The task
When you reach the line containing "Carhartt Umhängetasche schwarz", repeat that line and each one after it exactly until the records end, leaving out pictures.

Dataset excerpts
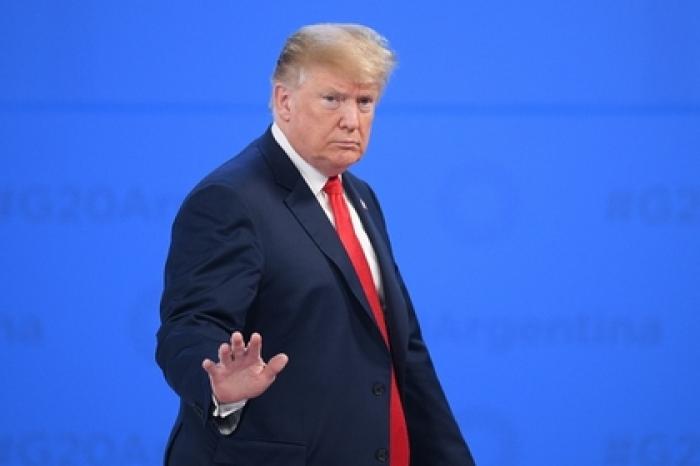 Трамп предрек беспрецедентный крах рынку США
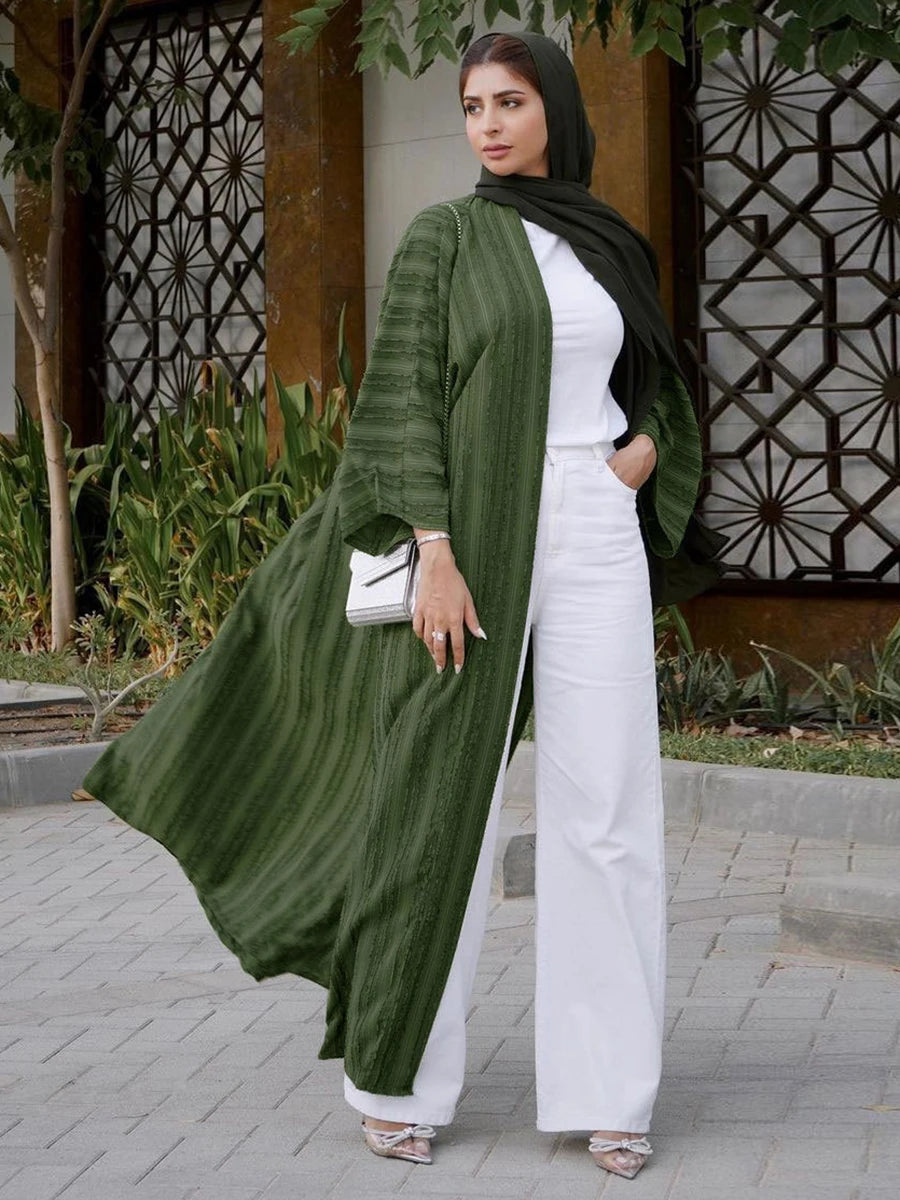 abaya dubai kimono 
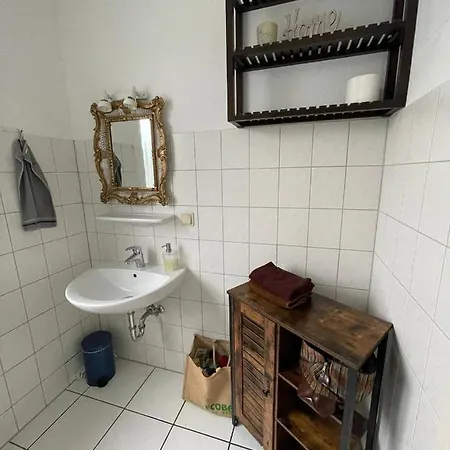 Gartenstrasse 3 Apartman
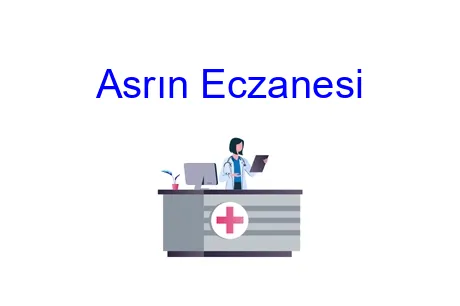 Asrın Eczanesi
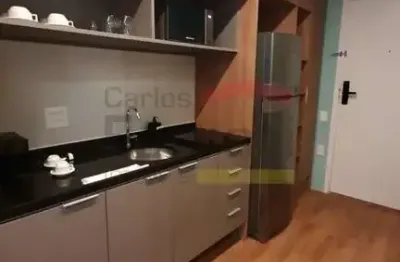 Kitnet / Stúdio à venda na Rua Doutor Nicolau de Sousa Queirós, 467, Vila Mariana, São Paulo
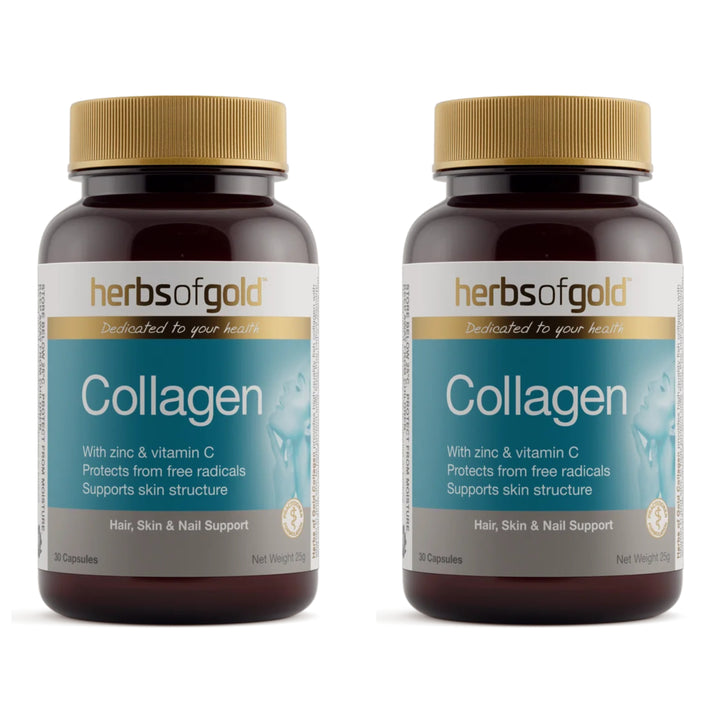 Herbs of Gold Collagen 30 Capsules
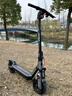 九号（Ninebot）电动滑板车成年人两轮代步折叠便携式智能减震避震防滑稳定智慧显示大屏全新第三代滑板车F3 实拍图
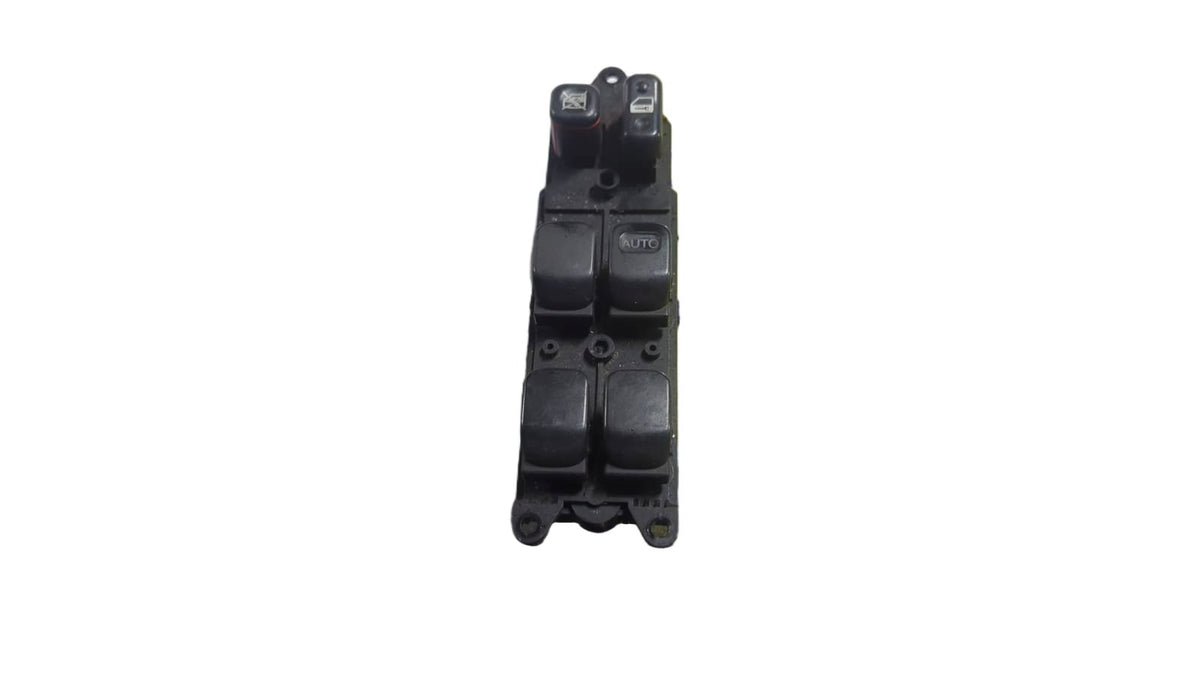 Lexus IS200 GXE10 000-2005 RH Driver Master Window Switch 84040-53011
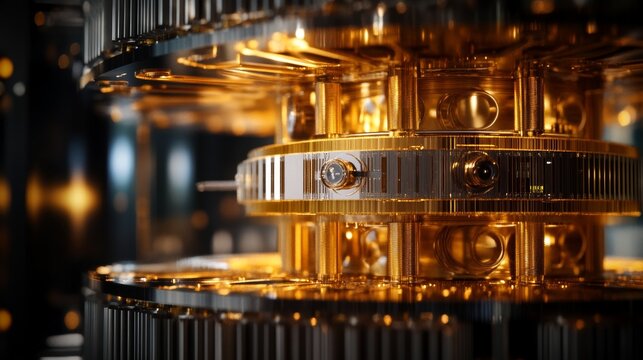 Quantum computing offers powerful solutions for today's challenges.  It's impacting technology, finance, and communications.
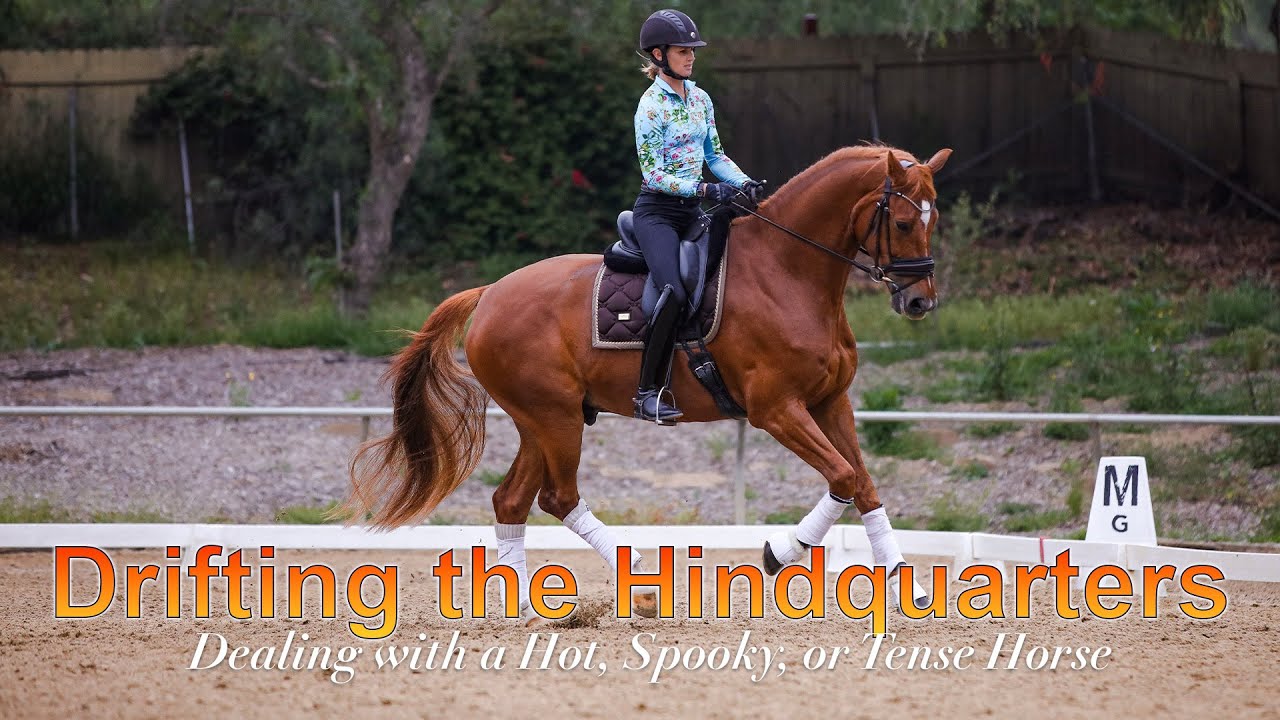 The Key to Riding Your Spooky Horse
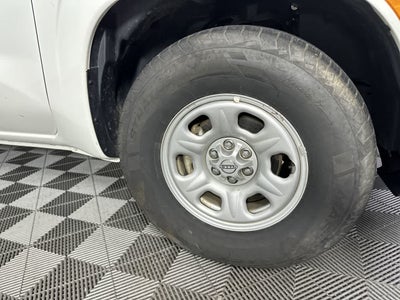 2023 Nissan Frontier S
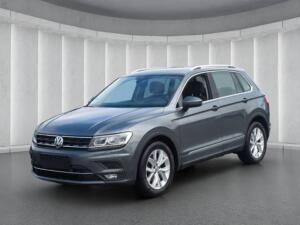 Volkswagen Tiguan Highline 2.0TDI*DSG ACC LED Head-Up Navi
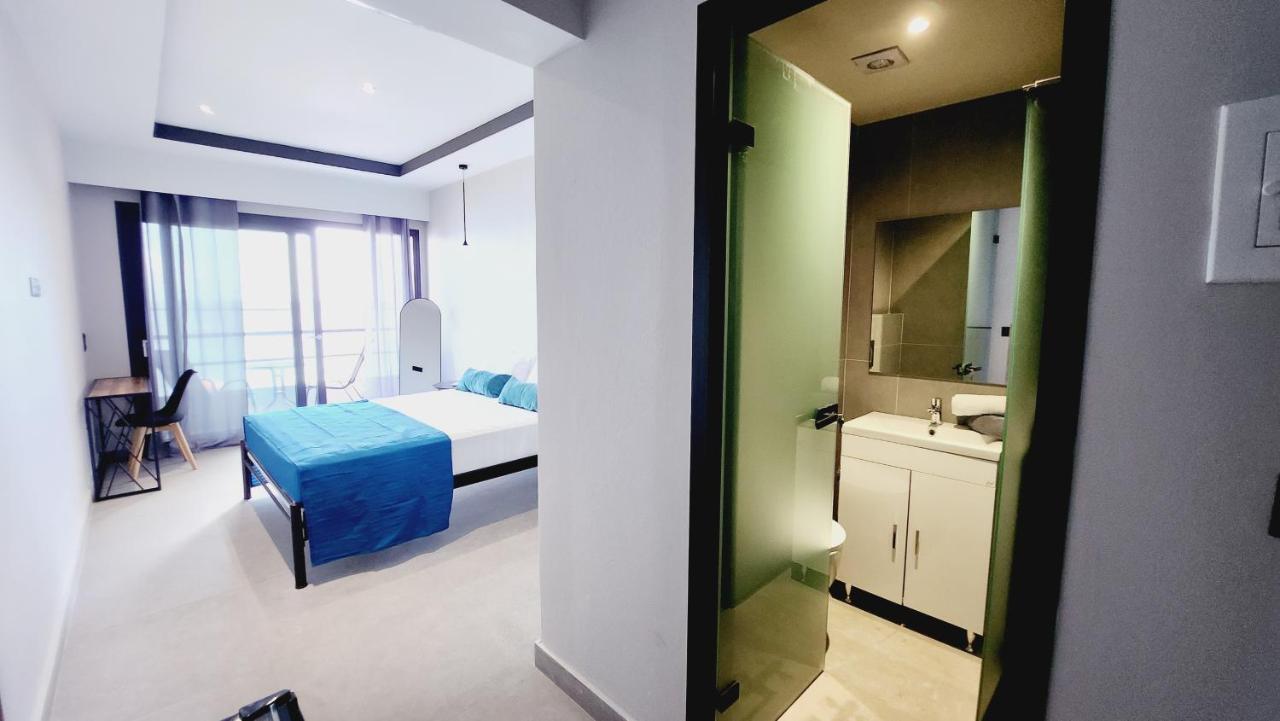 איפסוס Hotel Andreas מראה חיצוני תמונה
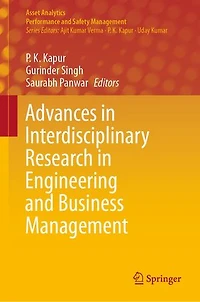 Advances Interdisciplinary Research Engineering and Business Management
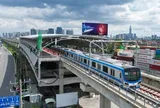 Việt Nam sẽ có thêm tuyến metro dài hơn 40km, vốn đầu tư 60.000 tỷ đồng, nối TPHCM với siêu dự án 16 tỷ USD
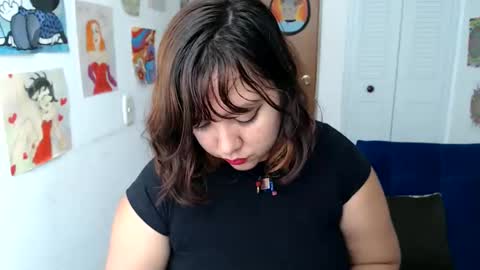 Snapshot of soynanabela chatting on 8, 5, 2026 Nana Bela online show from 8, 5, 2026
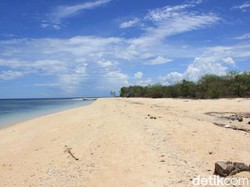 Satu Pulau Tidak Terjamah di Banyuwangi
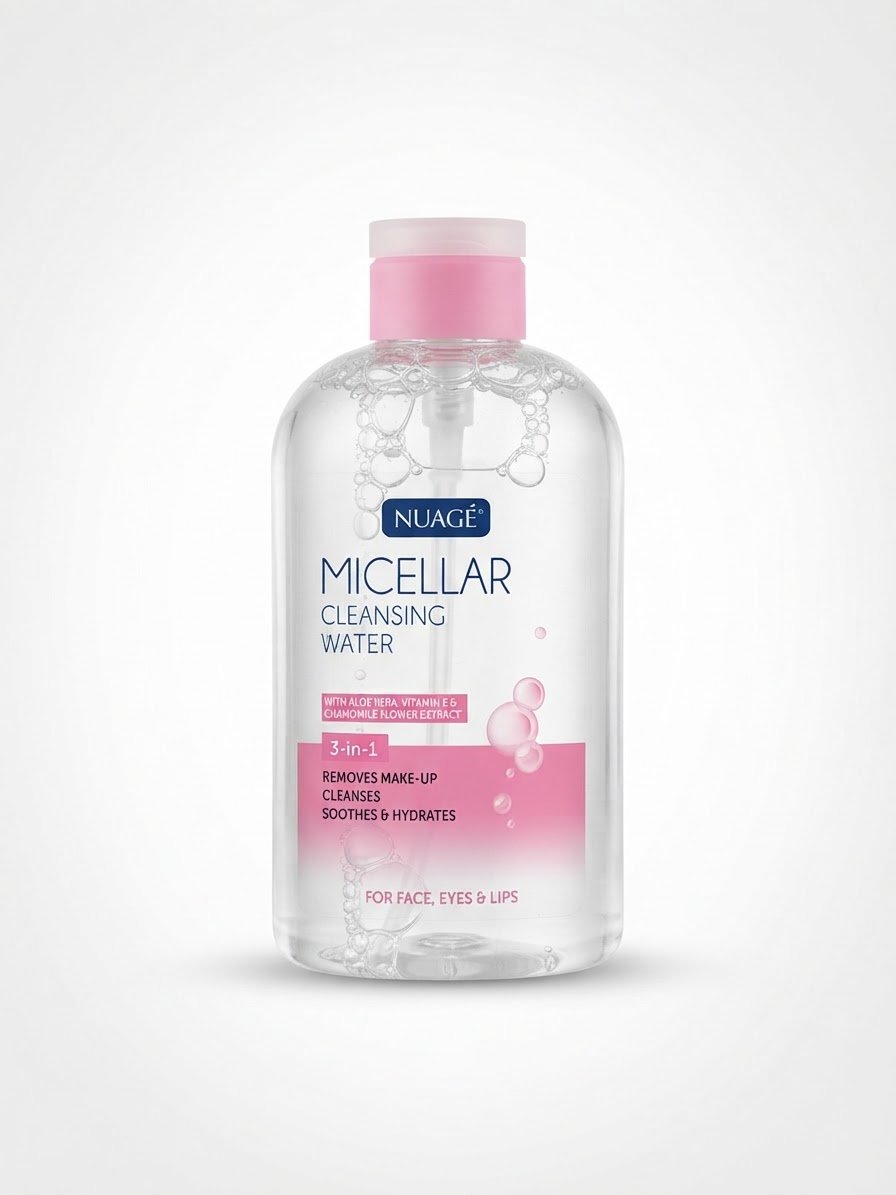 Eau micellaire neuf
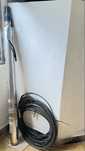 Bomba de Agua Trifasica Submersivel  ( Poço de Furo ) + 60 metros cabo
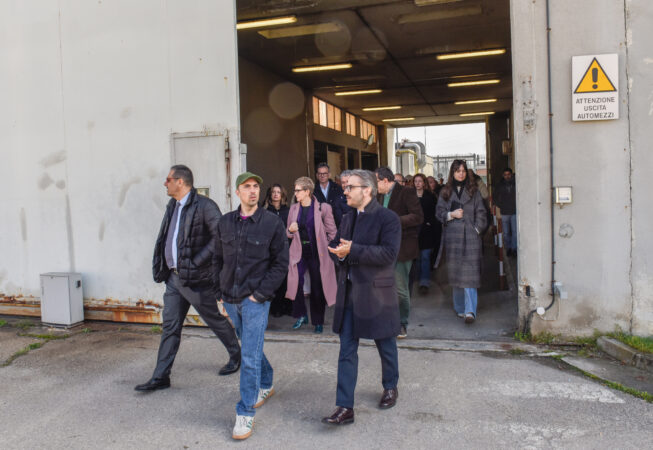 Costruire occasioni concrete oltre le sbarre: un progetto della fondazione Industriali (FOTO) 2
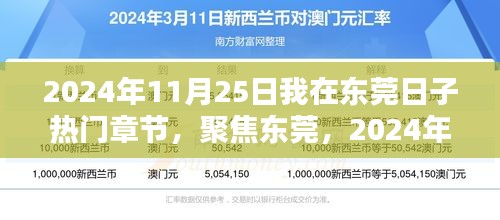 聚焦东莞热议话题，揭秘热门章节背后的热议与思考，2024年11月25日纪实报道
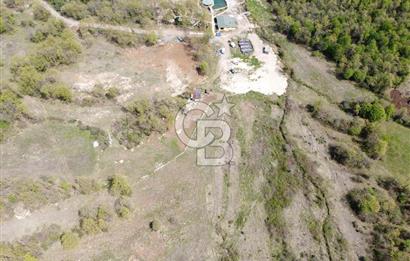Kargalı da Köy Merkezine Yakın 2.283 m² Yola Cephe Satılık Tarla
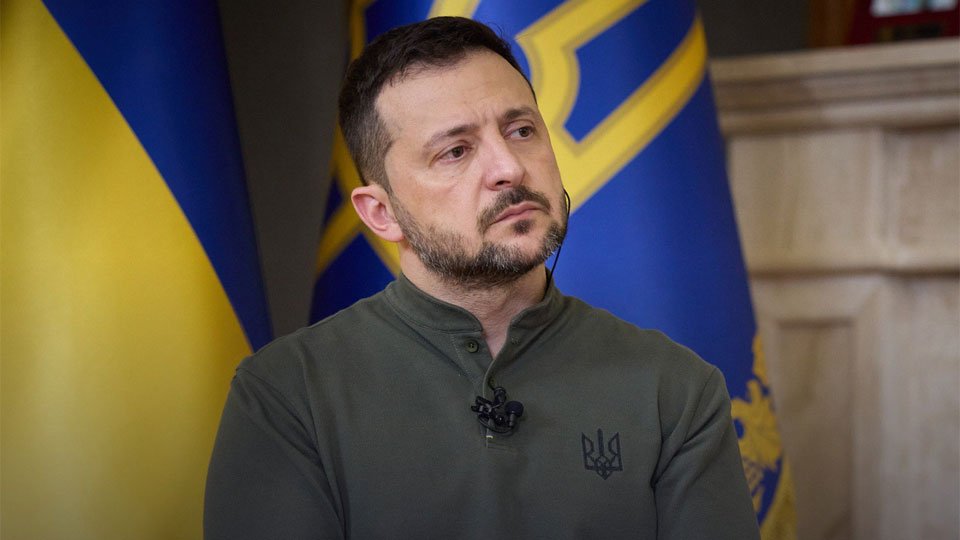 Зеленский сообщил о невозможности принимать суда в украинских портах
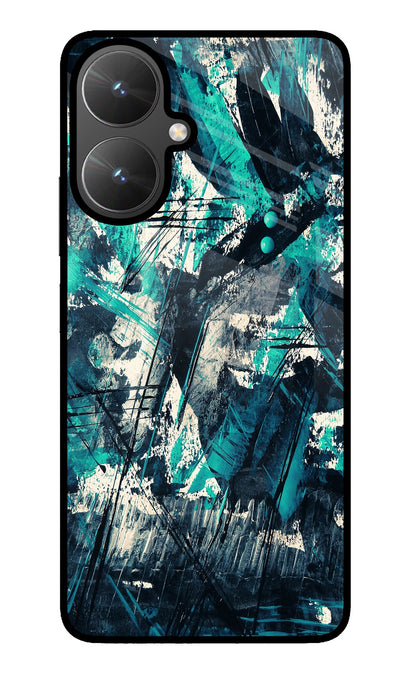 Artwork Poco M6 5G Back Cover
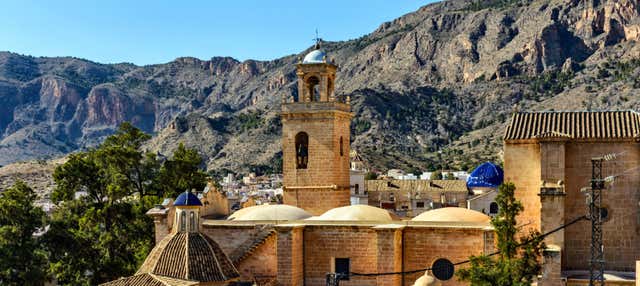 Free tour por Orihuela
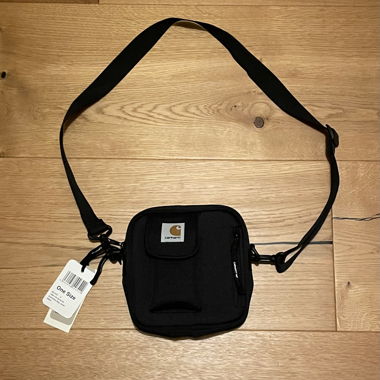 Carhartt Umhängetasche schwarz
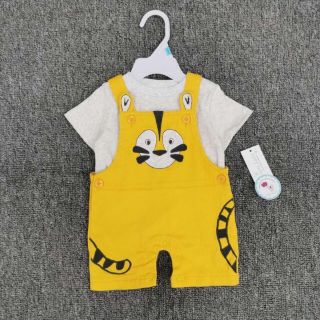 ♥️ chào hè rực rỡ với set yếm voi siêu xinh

Final answer
 Carhartt Umhängetasche schwarz
 ♥️ chào hè rực rỡ với set yếm voi siêu xinh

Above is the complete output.